Ethics is the order of the hour at SMU where soon all students will be required to choose among various courses that illustrate right and wrong, some based on religion and philosophy, others on how to live. Rita Kirk, director of the Cary Maguire Center for Ethics and Public Responsibility will run the effort. She says that it flows from the conviction that ethics should be a major pillar of a university.

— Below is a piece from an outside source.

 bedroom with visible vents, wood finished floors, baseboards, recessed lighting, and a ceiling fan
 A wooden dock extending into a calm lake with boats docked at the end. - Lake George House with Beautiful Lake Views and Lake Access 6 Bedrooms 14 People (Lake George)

The idea of ethical inspiration also will be worked into as many classes as possible, including those on business. That’s good because we have arrived at a shocking moment where the private sector no longer can be relied upon as an antidote to the sloppiness of government. Everybody knows that management by agencies of the state is riddled with fat and foolish actions based on politics, not economics. What we are just now realizing is that privatizing an enterprise is no guarantee that it will acquire the shape up of an honorable company. The trouble, in too many cases, is executives who pare away not just fat but flesh, sometimes to pay off enormous debt, then lavish whatever is left on themselves, leaving the organization too depleted to serve its customers at the level they deserve.
Is there an ethical issue here? I believe there is. While Rita Kirk of SMU feels encouraged by the public service now required at many high schools and by the commitment to social responsibility made by more and more corporations, still essential aspects, all too often, are missing. For company leaders to plant a few trees and send out checks to worthy causes, even serving on those boards themselves, does not atone for the vast carelessness of some at the core of their operations. Students at SMU would do well to consider these questions:
Is it ethical to loan money to people you know cannot repay it, then sell the paper to someone else, along with the problem you have created?
Is it ethical to set up one group of clients for financial losses, with no warning, so that another client can benefit from their misfortune — all for a hefty fee from the winning investor? This has been done, and the justification was, “Our clients are very sophisticated.” The question, then, is this: Is it OK to cheat people as long as you think they are sophisticated?
Is it ethical to suppress evidence that a product you make may be unsafe?
Is it ethical to scrimp on safety equipment in a fever of cost-cutting?
The St. James Ethics Centre in Australia has proposed an entirely different approach with Sunday-School-like questions such as these: Would I be happy if what I’m doing were on the public record? What would happen if everybody did this? How would I like it if someone did this to me? Will the proposed course of action bring about a good result?
These are insufficient because too many in business today consider a good result anything that improves profits, no matter how, and that good result is intended to be public, along with the clever means of achieving it. If tough measures are required, and other people are hurt, then the golden rule is irrelevant, because strong business decisions, they insist, cannot be diluted by such soft considerations.
So the work of rehabilitation is more difficult than some might suppose, not because everybody in business is lost — far, far from it– but because the commanding heights of the economy, especially in finance, have been captured, in important instances, by a dangerous form of narcissism. A good place to look for solid businesspeople is among those whose name is over their doors. Their integrity, I frequently have found, is palpable. To study them would be the best way to save a brilliant business culture badly in need of ethical moorings.